We talk to creative director and artist Quentin Jones and Tate Modern Curatorial Assistant Emma Jones about the life of Surrealist artist Dora Maar, her influence as a woman in Surrealism and the current exhibition at Tate Modern.
Dora Maar and the art of photomontage
Dora Maar was the pseudonym chosen by Henriette Theodora Markovitch, a photographer, painter and occasional poet born in France and raised in Argentina. She came to the fore as a surrealist photographer in the 1930s, using collage, photomontage and superimposition. Though her work didn’t begin and end there – she was also a fashion and advertising photographer, a social documentarian, a left-wing activist and an accomplished painter later in life.
In her time, she associated with many well-known names, both within and outside of the art world. Those names include Jacqueline Lamba, Brassaī, whose darkroom she shared, and philosopher Georges Bataille.
In the mid-1930s, Maar met Picasso. The couple pushed each other into new creative territories. She taught him a complex printing technique, while he, in turn, encouraged her to return to painting. She also became his model – she was the inspiration for Weeping Woman in 1937. Maar documented the progression of Picasso’s work Guernica, creating a series documenting the metamorphoses of the painting, which was also the first full photographic record of a work in progress.
Emma Jones on Dora Maar
Maar is currently the subject of a major exhibition at the Tate Modern, running until 15 March 2020. We decided to mark this exhibition by talking to Tate Modern Curatorial Assistant Emma Jones about how it came about, as well as her personal take on Dora Maar and how much of a lasting influence she has had.
Did you know of Dora Maar and her work before the exhibition?
I knew of Maar’s surrealist photographs and photomontages. Le Simulateur (1935) for example, was widely exhibited at the time and remains an iconic image within the movement. However, it has been really exciting to learn more about the different facets of her practise, how she applied her eye for the unusual to the world around her, as well as her commercial commissions. I didn’t know her as a painter, either, and was really struck by the landscape paintings she made whilst living in Ménerbes in the South of France in the 1950s. The impact of the lightness and brightness of her palette and broad brushstrokes are these works that shift between meditation and movement.

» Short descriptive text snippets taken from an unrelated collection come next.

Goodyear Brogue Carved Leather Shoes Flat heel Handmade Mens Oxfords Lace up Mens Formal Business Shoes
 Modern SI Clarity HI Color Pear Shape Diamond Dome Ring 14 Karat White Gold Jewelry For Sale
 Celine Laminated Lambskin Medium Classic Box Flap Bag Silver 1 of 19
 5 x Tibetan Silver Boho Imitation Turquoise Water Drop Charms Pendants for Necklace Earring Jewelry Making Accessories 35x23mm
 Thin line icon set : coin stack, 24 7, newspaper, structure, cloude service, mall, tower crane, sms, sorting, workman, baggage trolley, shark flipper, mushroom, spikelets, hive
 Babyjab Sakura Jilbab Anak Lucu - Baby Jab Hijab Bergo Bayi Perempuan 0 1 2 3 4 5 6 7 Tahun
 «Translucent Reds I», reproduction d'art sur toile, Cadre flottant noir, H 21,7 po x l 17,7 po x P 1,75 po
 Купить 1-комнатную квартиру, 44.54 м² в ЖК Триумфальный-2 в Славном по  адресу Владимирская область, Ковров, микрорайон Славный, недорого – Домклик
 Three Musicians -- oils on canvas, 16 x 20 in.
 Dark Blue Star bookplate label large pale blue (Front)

Did you change anything from the exhibition’s earlier incarnation at the Centre Pompidou in Paris?
The structure of the exhibition is broadly the same at Centre Pompidou, Tate Modern and the J. Paul Getty Museum. However, we contracted the checklist to fit our space and, in some instances, we adapted the way in which we told the story in order to be suitable for Tate’s audiences. In the UK, we could not assume the same level of awareness of Maar’s work nor the social and political context in which Maar was working, for example. For this reason, we created a short montage of original 1930s news footage which makes clear the poverty experienced during the economic depression and the rise of the far-right. This was an important storytelling device in the room dedicated to Maar’s 1930s street photography.
We’ve also included an audio-visual station which features extracts from an interview that Tate Modern Director Frances Morris conducted in 1990 with Maar. In it, Maar speaks about Weeping Woman and Guernica. It felt important to bring Maar’s voice into the galleries, and for audiences to have the opportunity to listen to her interpretation of, and relationship to, these two works.
Do you think the role women played in surrealism has been overlooked?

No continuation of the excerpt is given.